Having found the line containing "An overview of" in the data below, reproduce that line and each one after it to the end, exactly, and include nothing else.

*** Opening Information provided ***

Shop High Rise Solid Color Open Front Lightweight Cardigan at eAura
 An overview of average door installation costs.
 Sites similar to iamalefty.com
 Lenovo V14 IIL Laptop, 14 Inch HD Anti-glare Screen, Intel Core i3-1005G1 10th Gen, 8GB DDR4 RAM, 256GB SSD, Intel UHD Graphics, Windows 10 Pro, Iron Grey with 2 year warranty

*** Closing Information provided ***

Your solution:
 An overview of average door installation costs.
 Sites similar to iamalefty.com
 Lenovo V14 IIL Laptop, 14 Inch HD Anti-glare Screen, Intel Core i3-1005G1 10th Gen, 8GB DDR4 RAM, 256GB SSD, Intel UHD Graphics, Windows 10 Pro, Iron Grey with 2 year warranty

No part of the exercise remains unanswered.